Seperti yang sudah kita ketahui wabah coronavirus yang dimulai dari Kota Wuhan, pada tanggal 27 Januari 2020 telah tercatat setidaknya 4000 orang sakit dan 100 meninggal dunia.

Bahkan Thailand dan Hongkong masing-masing telah memberikan 8 laporan yang sudah terkonfirmasi. dan 5 orang Amerika Serikat sudah terdiagnosa Coronavirus. Banyak orang berharap terhadap vaksin coronavirus agar dapat memperlambat penyebaran wabah.


Vaksin Coranavirus Masih Belum Ditemukan

Apakah ada vaksin yang sedang dikembangkan untuk mengatasi coronavirus ?

beberapa organisasi telah memulai mengembangkan vaksin coronavirus, termasuk NATIONAL INSTITUTES OF HEALTH telah mengembangkan virus untuk wabah baru coronavirus yang dikenal para ilmuwan sebagai 2019-nCoV.

para ilmuwan belum lama memulai pengembangannya, tetapi metode pengembangan mereka dapat memberikan dampak yang positif seperti ketika mereka bekerja untuk menemukan virus seperti SARS dan MERS, serta kemajuan yang telah dibuat dalam teknologi vaksin, seperti vaksin asam nukleat, yang merupakan vaksin berbasis DNA dan RNA yang menghasilkan antigen vaksin dalam tubuh Anda sendiri.

Kapan para ilmuwan tahu untuk bekerja membuat vaksin untuk coronavirus ?

Pengembangan vaksin dilakukan ketika virus tersebut menginfeksi manusia dan membuat sejarah baru terkait wabah.

mengingat ini adalah wabah besar ketiga dan juga mengingat tingkat keparahan penyakit yang disebabkan oleh virus-virus ini, kita harus mempertimbangkan investasi dalam pengembangan vaksin yang akan secara luas melindungi virus-virus terbaru

Siapa saja yang terlibat dan sebenarnya kapan kita mendapatkan vaksin coronavirus ?

Pengembangan ini melibatkan designer konstruksi vaksin,contohnya -memproduksi antigen yang tepat, protein penting yang menargetkan kekebalan tubuh, yang diikuti dengan test kepada hewan  untuk menunjukkan bahwa vaksin tersebut melindungi dan aman.

ketika keamanan sudah terjamin, vaksin dapat melangkah ketahap selanjutnya yaitu uji klinik terhadap manusia. jika vaksin memberikan response sesuai harapan dan dinyatakan aman, vaksin tersebut dapat diproduksi massal.

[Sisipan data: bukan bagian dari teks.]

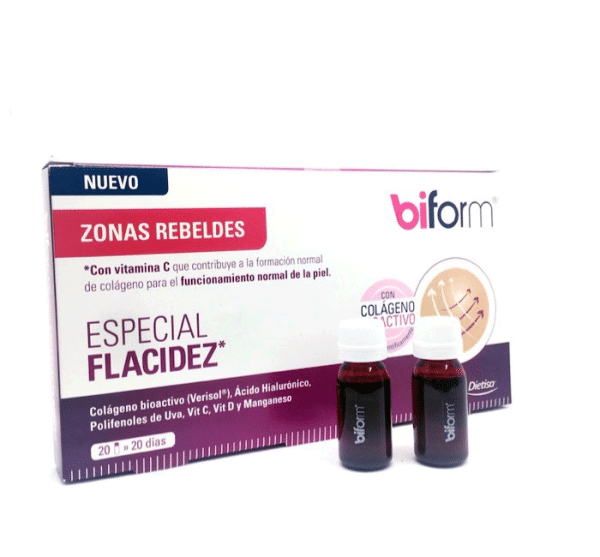 Biform Especial Flacidez (20 Viales) - Dietisa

Saat ini,para ilmuwan kekurangan sampel virus untuk menguji vaksin. mereka juga kekurangan antibodi untuk memastikan vaksin dalam kondisi baik. mereka membutuhkan virus untuk menguji apakah respons imun yang diinduksi oleh vaksin berfungsi. Juga, mereka perlu menetapkan hewan apa yang akan diuji vaksinnya. Itu berpotensi termasuk tikus dan primata bukan manusia.

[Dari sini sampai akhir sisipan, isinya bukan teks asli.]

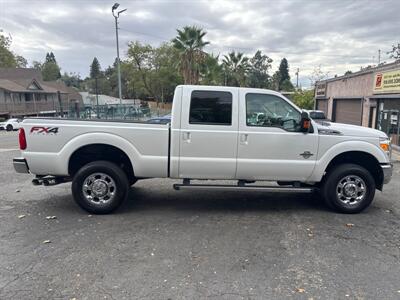 2014 Ford F-350 Super Duty Lariat Crew Cab*4X4*Tow Package*FX4*   - Photo 7 - Fair Oaks, CA 95628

Pengembangan vaksin kemungkinan akan memakan waktu berbulan-bulan dan mungkin bisa lebih lama.

Dapatkah manusia selamat dari wabah coronavirus ?

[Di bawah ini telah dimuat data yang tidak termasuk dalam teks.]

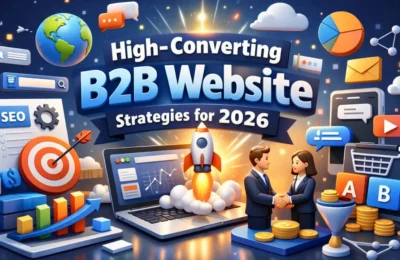 High-Converting B2B Website Strategies for 2026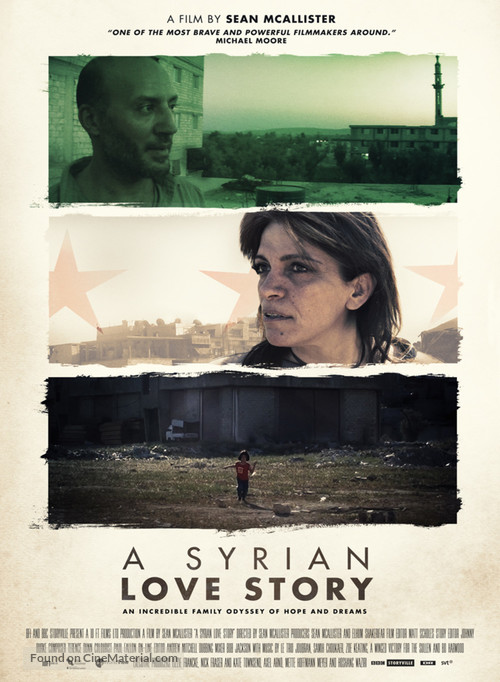 A Syrian Love Story - British Movie Poster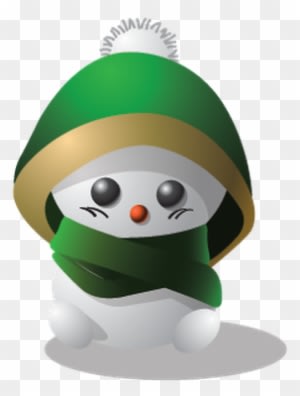 Snowman - Clipart - Illustration - Transparent PNG Free Download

kita berekspektasi bahwa virus ini akan muncul kembali di masa mendatang dalam kurun waktu yang tidak teratur

untuk mencegah wabah besar seperti coronavirus, kita perlu meningkatkan pengawasan terhadap manusia dan hewan di seluruh dunia serta berpartisipasi terhadap penilaian risiko yang memungkinkan para ilmuwan untuk mengevaluasi ancaman terhadap kesehatan manusia dari virus.

saat ini reaksi global sangat diperlukan untuk investasi pengembangan vaksin baru yang dapat digunakan dengan cepat setiap kali virus baru seperti coronavirus saat ini dan juga virus yang mirip seperti ZIKA, EBOLA.

Saat ini reaksi terhadap terhadap patogen yang muncul sebagian besar reaktif, yang berarti mereka memulai setelah wabah besar terjadi. para ilmuwan membutuhkan pendekatan proaktif yang membantu pendanaan berkelanjutan.